The Senate Subcommittee on Intellectual Property is a subsidiary of the Judiciary Committee. Leahy was on that subcommittee for many years as well. The results were…not good. Which, of course, hasn’t stopped Leahy from bragging about them:
“Senator Leahy was the lead author of the Leahy-Smith American Invents Act (AIA), which was signed into law by President Obama on September 16, 2011. Senator Leahy worked for more than six years to craft consensus legislation to reform the nation’s antiquated patent system, which had not been updated in nearly six decades.”
DC, more than any other place on Earth, ignores the truism “If it ain’t broke — don’t fix it.”
There’s a reason we hadn’t “reformed” our patent system for six decades. Because it had made the US the most successful country in the history of the planet.
From 1951-2011, the US invented hundreds of millions of things the rest of the world spent tens of trillions of dollars purchasing from us. That sixty years was, by orders-of-magnitude, the most productive and successful period of any people in any nation in human history.
That’s what Leahy brags about “reforming.” How’d that “reform” actually go?
“The America Invents Act (AIA) was the single worst disaster in the 226 year history of the U.S. patent system.
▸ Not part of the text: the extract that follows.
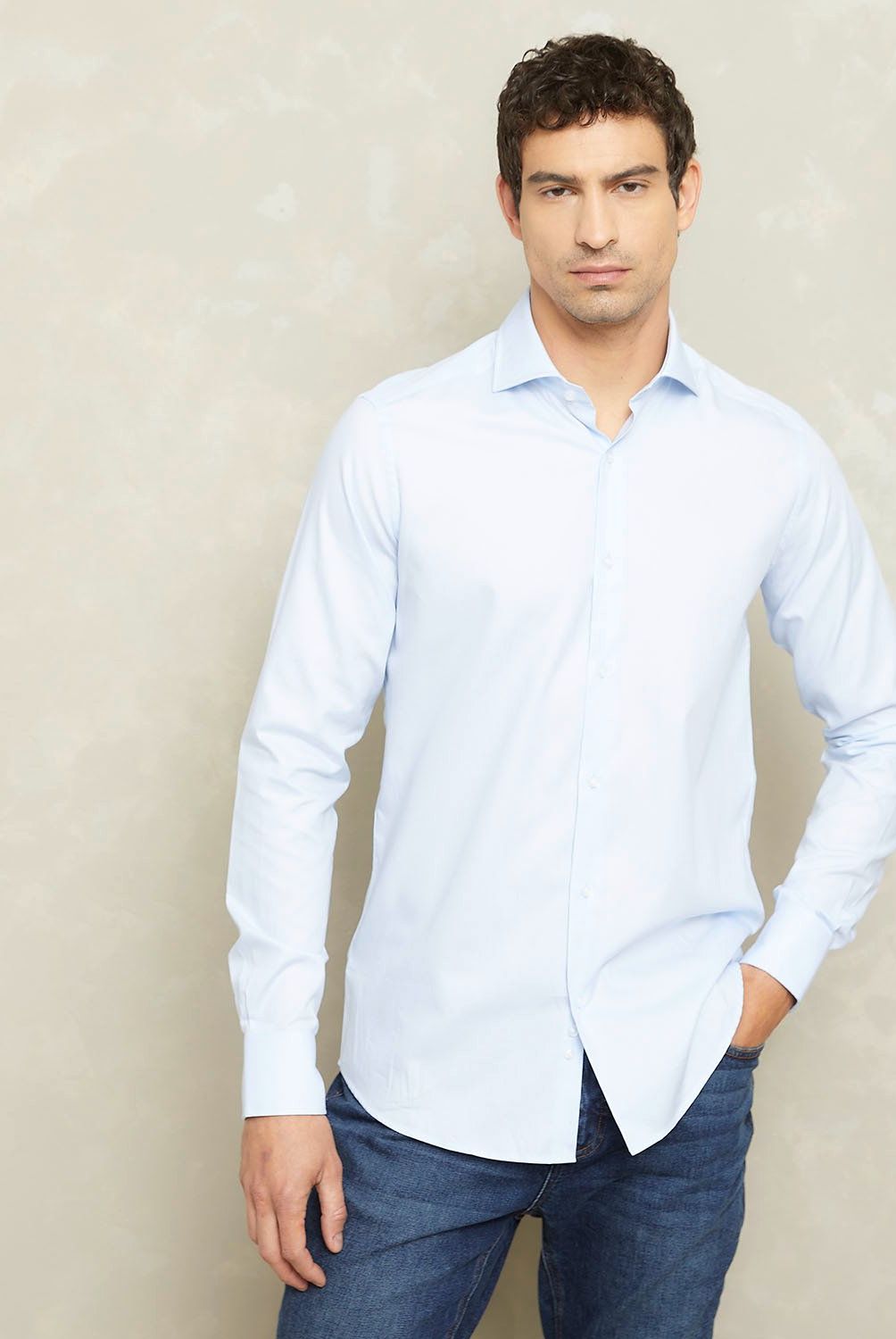 WOLF&HANK - Camisa Casual Algodón Pima Manga Larga Hombre Wolf&Hank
The AIA did very real damage – enough to put many inventors out of business and discourage many others….
“The real damage was hidden in the AIA’s creation of the Patent Trial and Appeals Board (PTAB) and three new procedures to invalidate issued patents – Inter Partes Review (IPR), Post Grant Review (PGR) and Covered Business Method Review (CBM)….
“(L)itigation experience was required to understand the damage of the PTABs and since less than 2.3% of patents are ever litigated, only a very small subset of inventors have ever been forced by infringers to defend their patent rights. Of those, an even smaller subset knew about the provisions in the AIA, could project the damage those provisions would cause….
“The AIA turned the patent system on its head, and today inventors can scarcely do anything with their patents. I’ve been to dozens of inventor clubs in the last six months talking about patent reform. Inventors are walking away from the patent system en mass, which is exactly what the large multinational corporations that supported the demise of the American patent system wanted.
“These independent inventors can’t license their inventions, which means they can’t fund their companies to continue to research, develop and commercialize their inventions. This was the goal of the large multinational corporations….
“If inventors can’t make money by inventing, they stop… and that is what is happening all across America. Some inventor support companies have laid off as much as 70% of their staff. The canary is not only unconscious, it is burning in flames threatening to ignite the entire coal-mine….
“Entrepreneurial inventors and the start-ups that rely on the innovation generate most of America’s new jobs and the collapse of the patent system is a major reason why America’s real job market (as opposed to the fiction delivered monthly by the Department of Labor) is stagnant and our economy is not growing….
“The AIA is a certified disaster, and PTAB procedures are the core reason why.”
The AIA and its PTAB have now been screwing us for a decade. During which time US IP talent and money have flooded out of the US.
Even if we were able to today totally repeal the AIA? It would likely take decades to reacquire all of that talent and money. If we were able to actually do so. And even if we were, it would be decades more before we reclaimed our global IP leadership. If we were actually able to do so.
These extraordinarily awful results? Are the “reforms” about which Leahy is bragging.
And they make up what is almost certainly the largest part of his extraordinarily awful legacy.
Good riddance to this exceedingly bad rubbish.